Niceness is not often the top quality in consideration when it comes to lining up presenters for an educational program, but it ranked high for UNC Asheville’s Visiting Writer Series. Author Wiley Cash, the university’s current writer-in-residence, curated the roster, which includes Ben Fountain, who reads on Thursday, Sept. 22, at the Reuter Center.
“I chose writers who I know, writers I’ve taught with, writers I’ve met,” Cash says of his decision-making process. Fountain’s novel, Billy Lynn’s Long Halftime Walk, won the National Book Critics Award and is being made into a movie directed by Ang Lee. He’s published by an imprint of HarperCollins; Cash’s novels are released by another imprint of the same publisher. Before his first novel — the award-winning A Land More Kind Than Home — came out, Cash was sent on a tour with experienced authors Fountain and Jess Walter (Beautiful Ruins).
At each city, they’d have dinner with representatives from independent bookstores and would pitch their books. “I was a nobody,” Cash says. “These guys were so kind and so gracious. I got to hang out with them and learn, ‘Here’s how you talk about your book. Here’s how you talk to booksellers. Here’s how you behave as a professional writer.’”
When Cash had the opportunity to invite writers to UNCA, he thought of those authors who had made an impression on him. Plus, he says, Fountain’s novel deals with a young person coming back from war — fitting for UNCA, whose student body includes veterans.
Leigh Ann Henion, who appears on Thursday, Nov. 10, is also a UNCA alumnus (she and Cash both graduated from the university in 2000) and is “interesting and kind and adventurous,” Cash says. “She’s totally cobbled together a career as a writer by hustling, being driven and being a self-starter. You have to do those things if you want to be an independent artist, and she’s killed it.” Henion’s memoir, Phenomenal: A Hesitant Adventurer’s Guide to the Natural World, is a New York Times best-seller.
Other writers taking part in the series include poet Camille Dungy, a finalist for the American Book Award and a two-time finalist for an NAACP Image Award, on March 2. Short story author and novelist Chinelo Okparanta, who won the Lambda Literary Ward for Lesbian Fiction, will appear on April 4. All readings are free and open to the public.
Cash, who completed his master’s degree in 2002, taught briefly at UNCA before pursing his Ph.D. at the University of Louisiana-Lafayette. Returning to his alma mater at this point in his career seems like a smart step. “It’s more intimidating than weird,” he half-jokes. “Especially for a writer, you always want to be accepted by the the people you look up to. You look up to your professors because they’ve done it. You want to be part of that group [and] have them as colleagues and contemporaries.”

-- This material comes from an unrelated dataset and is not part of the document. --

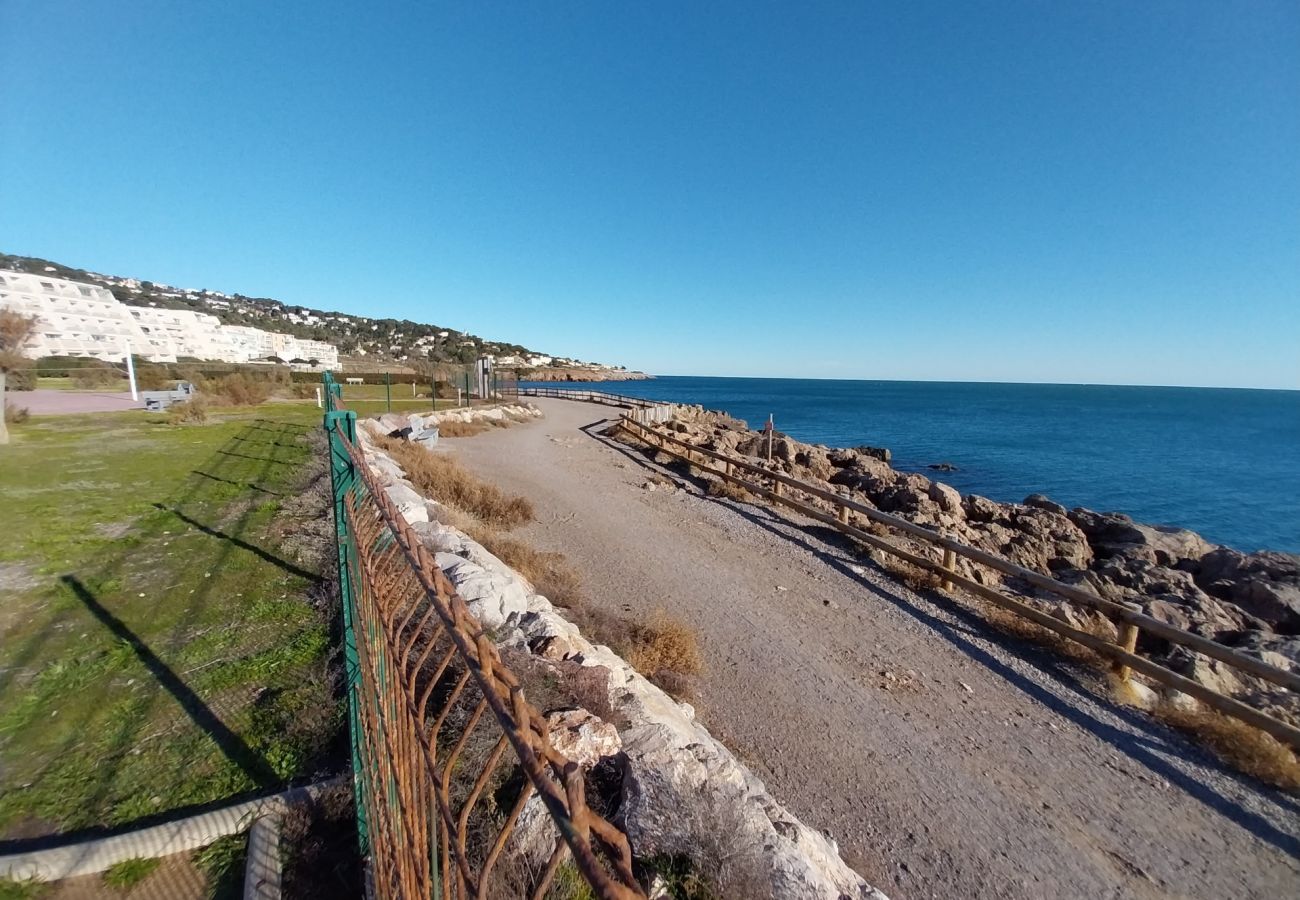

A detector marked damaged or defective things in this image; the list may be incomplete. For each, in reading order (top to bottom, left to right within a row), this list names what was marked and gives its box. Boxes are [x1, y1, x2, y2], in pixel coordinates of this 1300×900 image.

rusty metal railing [321, 369, 644, 894]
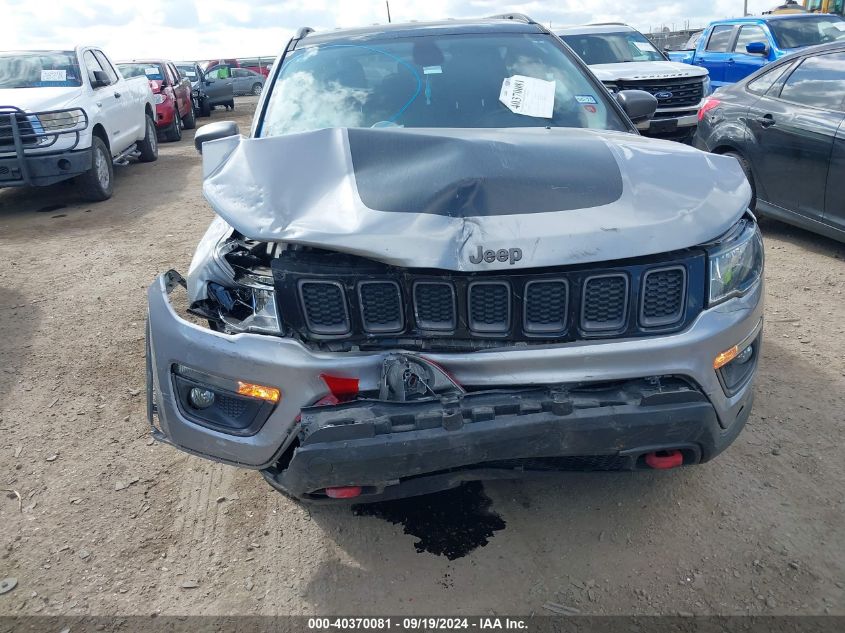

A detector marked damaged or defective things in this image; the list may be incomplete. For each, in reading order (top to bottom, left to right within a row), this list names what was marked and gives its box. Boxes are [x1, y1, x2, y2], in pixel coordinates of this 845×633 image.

Both of Cash’s novels are bestsellers; his sophomore effort, This Dark Road to Mercy, was a finalist for the Mystery Writers of America’s Edgar Award. His debut garnered the Thomas Wolfe Memorial Literary Award and the Appalachian Writers’ Association Book of the Year award. But, he says, “just because you’re a successful writer doesn’t mean people want to be around you. So to be welcomed back here the way I have been and be shown the grace and kindness and patience has been amazing.”
He wants to give back, both to the university that means so much to him and to local literary circles. “I want to bring the community onto campus and I want to bring the campus to the community,” Cash says. “Universities don’t just serve themselves. I think the goal of this university especially is to serve the local community and the region and the state.” His ideas include off-site events and a writer-in-residence from the Asheville area supported by UNCA.
Cash mentions a recent YA author panel at Malaprop’s where the audience was filled with fellow writers. Later, while out to dinner with his family, he looked around the restaurant and recognized a number of other local authors. “Asheville’s got such a vibrant arts community,” he says. “It’s become an amazing gathering spot.”
Cash continues, “I want the people in the community to feel there’s a place for them, because writing is such a solitary thing. It’s a desperate act.”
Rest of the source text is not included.